Un cadre disciplinaire et institutionnel
Enseigner l’histoire des arts reste une gageure proposée par les programmes [3].du primaire et du secondaire, en oeuvre depuis 2009. Le projet consiste à présenter aux élèves une histoire ouverte et dynamique. Il s’agit d’enrichir leurs savoirs avec "un enseignement continu, progressif et cohérent... tout au long de la scolarité" et évalué en relation avec le socle des compétences. Enseigner l’histoire des arts, n’est pas enseigner l’histoire de l’art discipline universitaire consacrée presque exclusivement aux Beaux-Arts. Ce chemin de traverse doit faire se rencontrer tous les arts dans une approche disciplinaire et interdisciplinaire. Les arts du quotidien, du son, du vivant, de l’espace, du visuel et du langage sur un pied d’égalité prennent appui sur toutes les périodes historiques. Le pluriel permet de garantir l’ouverture de cet "enseignement de culture partagée" [4] et de souligner mises en relation et en perspective, à travers une initiation à la création et à la fonction de l’oeuvre d’art. Présenter aux élèves une histoire globale de tous les arts suppose de fédérer les disciplines artistiques enseignées, sans renoncer aux spécificités disciplinaires. Le choix de l’intitulé "histoire des arts" reste en effet sensible pour les disciplines proprement artistiques qui craignent que leurs frontières ne deviennent poreuses. Dans une perspective patrimoniale, cet enseignement cherche à construire des éléments de référence d’une culture humaniste et plurielle, à conduire les élèves, "par un regard nouveau sur leur environnement quotidien, à questionner celui-ci, par des apports variés d’informations, à découvrir des réponses, par des confrontations avec d’autres œuvres, d’autres lieux, à élargir leur horizon culturel, par une fréquentation réfléchie de spectacles, d’œuvres de valeur, à trouver un épanouissement personnel." [5]

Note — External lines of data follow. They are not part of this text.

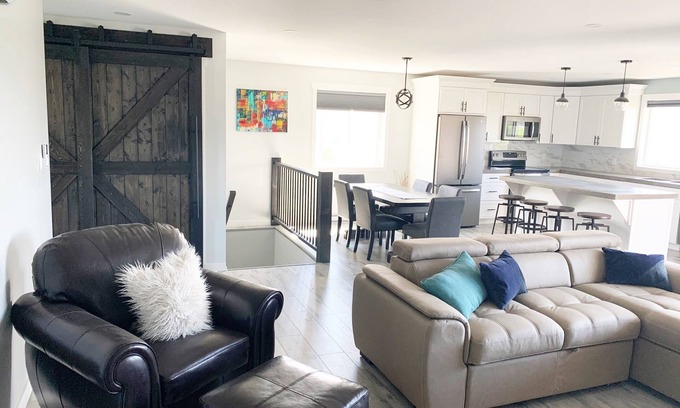Okanagan-Similkameen House | Beautiful suite in great neighbourhood, modern finishes and steps to KVR trail.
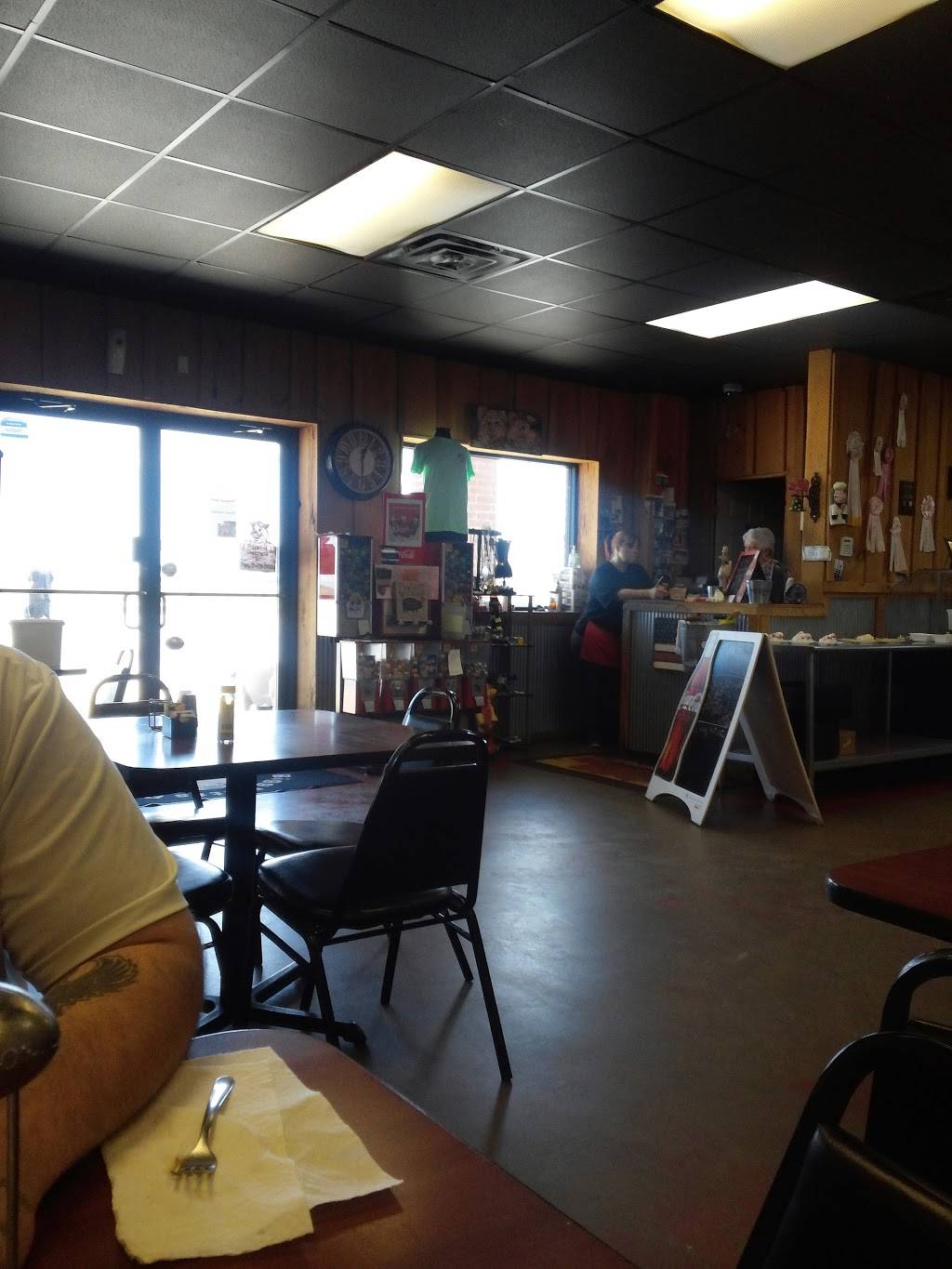 Bigg Butts BBQ | restaurant | 597 N Main St, Leachville, AR 72438, USA | 8705392888 OR +1 870-539-2888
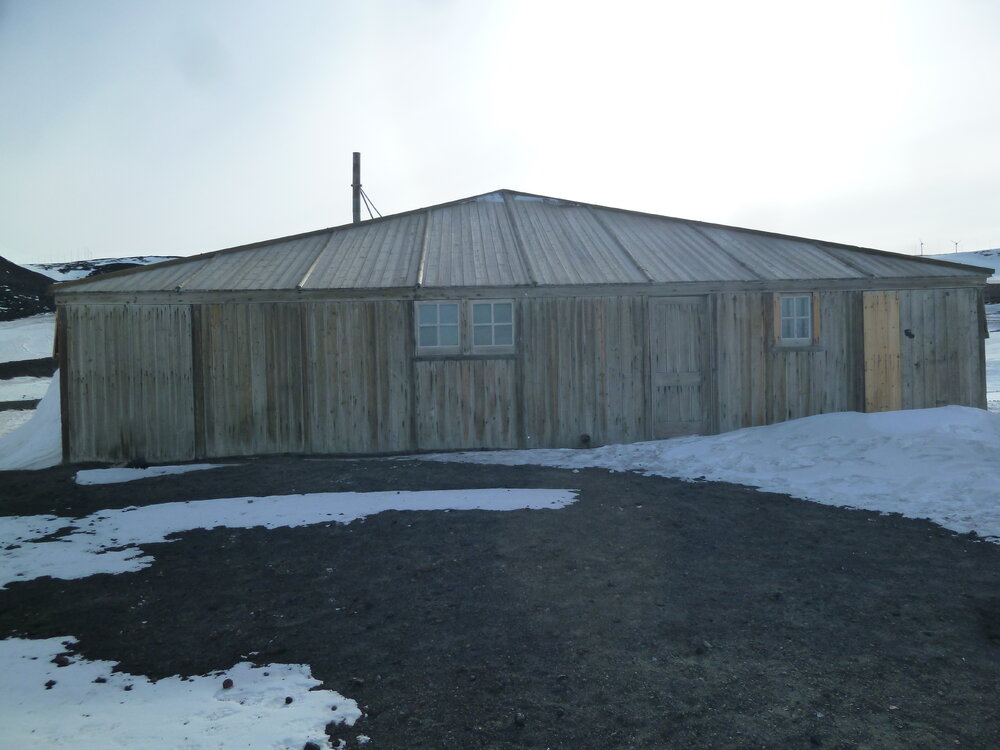 2018-19 Scott's 'Discovery' hut inspection, exterior (004)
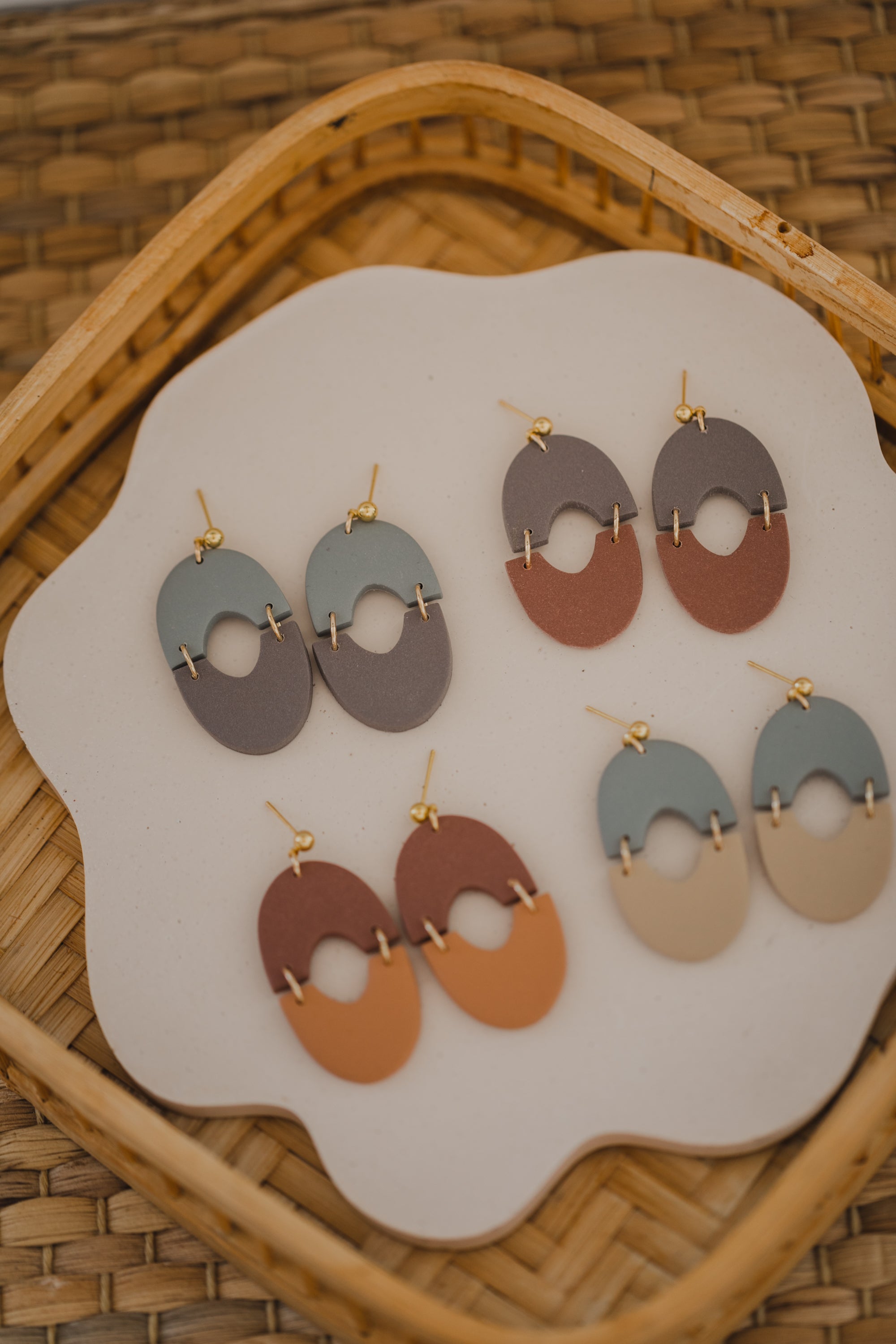 MARJA - small drop earrings gold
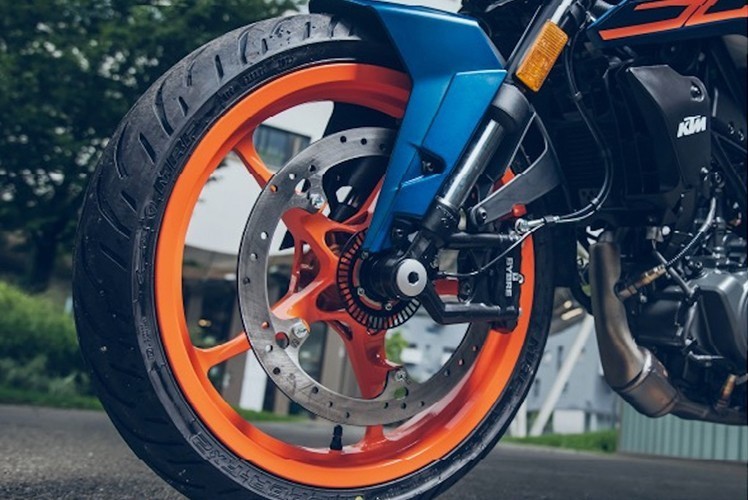 Tin xe 19/12: &lsquo;Kẻ hủy diệt Yamaha Exciter' ra mắt gi&aacute; 45 triệu đồng, trang bị &aacute;p đảo Honda Winner R ảnh 1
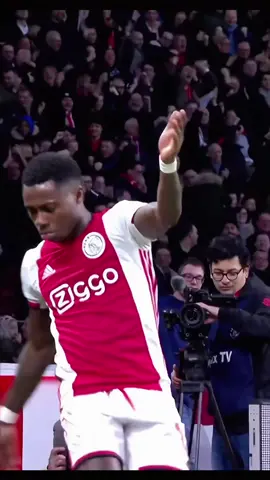 Fühlst du?💸 #targetaudience #fashion #remix #pashanim #dancepill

Des exigences méthodologiques
La réflexion épistémologique et didactique conduit à affiner une méthode qui donne cohérence à cet enseignement et permet aux élèves d’acquérir de nouvelles compétences. L’approche multitemporelle du processus et de l’accueil de la création suppose la découverte d’œuvres de référence, féminines ou masculines, appartenant au patrimoine ancien ou contemporain, et ce dans des champs artistiques divers. L’oeuvre doit être contextualisée par son époque, la vie de son créateur et les exigences rationnelles et sensibles de l’art qu’il exerce. Il s’agit en effet, en fonction des capacités des élèves, de leurs centre d’intérêt mais aussi de leurs lacunes culturelles, d’associer rencontres intuitive de l’oeuvre et analyse intelligible de sa structure, pour développer goût et jugement critique, et éventuellement don artistique. Dans les classes ou hors de la classe, au contact de l’oeuvre ou de l’artiste, chacun collectivement ou personnellement découvrira le concept d’esthétisme. L’introduction de l’histoire des arts permet d’initier une démarche fondée sur la convergence de disciplines affines (lettres, histoire, arts plastiques, musique, langues) et donc de croiser savoirs et pratiques. [6] Enseigner l’histoire des arts en Histoire c’est lutter contre les inégalités sociales, partager un projet citoyen.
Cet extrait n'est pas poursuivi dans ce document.